The Bible at a Public University?

As a student at UNC-Chapel Hill (who graduated in 2010), I encountered individuals on every side of the complex questions of whether and how the Bible should be taught at a public university. Professors in religious studies departments often attack the Bible’s historical reliability, and Christian students insist that it is not taught fairly. Outside of religious studies, faculty frequently omit it in courses where it has obvious relevance.

In my view, the Bible is a critical component of a liberal arts education. At UNC, a public university, that means that it should be taught in both the Religious Studies Department and other disciplines.

Unfortunately, even teaching Western civilization, of which the Bible is an important part, is in decline as a component of a liberal education. By Western civilization I mean the cultures derived from Europe, including, among other aspects, their ethical values, worldviews, political and economic institutions, and customs.  

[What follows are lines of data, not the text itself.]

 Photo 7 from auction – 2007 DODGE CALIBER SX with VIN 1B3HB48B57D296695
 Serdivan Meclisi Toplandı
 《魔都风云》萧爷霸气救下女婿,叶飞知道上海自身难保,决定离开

The National Association of Scholars (NAS) recently reported that out of a group of 75 U.S. public universities (the top 62 from U.S. News and World Report in 2009 plus thirteen others, to ensure representation from all fifty states) only one school, the University of South Carolina, retained a Western history survey course requirement. Thirty of the schools surveyed by NAS did not even offer such a survey course. The UNC Department of History offers a two-course sequence of Western civilization survey courses, yet neither is required, even for history majors. Ironically, history majors are in fact required to take at least one course in non-Western history.

Instead, these schools offer courses about specific aspects of the Western experience. UNC, for instance, has undergraduates fulfill topical subject requirements, such as “North Atlantic World,” by taking a narrowly-tailored course that fits within the broad subject. An education of this sort encourages students to pursue haphazardly any number of interests, while retaining nothing of a foundational understanding of the narrative historical processes that led to our present circumstances. Without that understanding, students who vote in elections and participate in public discourse are thus unable to distinguish for themselves successful and unsuccessful historical processes, institutions, and ideas.

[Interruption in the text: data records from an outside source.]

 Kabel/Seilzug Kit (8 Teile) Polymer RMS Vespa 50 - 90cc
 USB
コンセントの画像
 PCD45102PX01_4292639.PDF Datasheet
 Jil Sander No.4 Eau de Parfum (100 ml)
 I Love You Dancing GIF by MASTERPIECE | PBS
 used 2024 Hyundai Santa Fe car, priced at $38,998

Religious thought is among the most significant topics underlying Western history, and the challenge of preserving its inclusion in education is particularly formidable. Yet even our society, though it does not actively seek participation in religion as it used to, draws on the terms and ideas of its ancestor societies, and it will never fully escape the many enduring institutions created by them.

Moreover, history’s greatest thinkers and leaders frequently defined their ideas in terms of their views about God. The Israelites, the Greek Stoics, Paul and Thomas Aquinas, among others, made immense contributions to Western thought while invoking various sorts of theology as a partial basis for their views.

Examples that are nearer to our modern perspectives include Martin Luther, John Calvin, the Founding Fathers, the abolitionist movement, Martin Luther King Jr., and now many current Americans on both sides of the political spectrum. While each of these held or holds varying views about God and invoked religion in different and sometimes conflicting ways, knowledge of religious history remains useful for evaluating their claims and the ideological background within which they think. But in colleges today these discussions often take place without awareness of the historical thought and context and are sometimes completely divorced from what the author himself said.

At Chapel Hill I majored in religious studies and also took the Western history survey course covering up to 1650. The approaches to teaching religion in the religious studies and history departments were notably different, and I do not propose that all liberal arts students take a course in religious studies (though students at UNC who choose to do so benefit from one of the world’s best departments).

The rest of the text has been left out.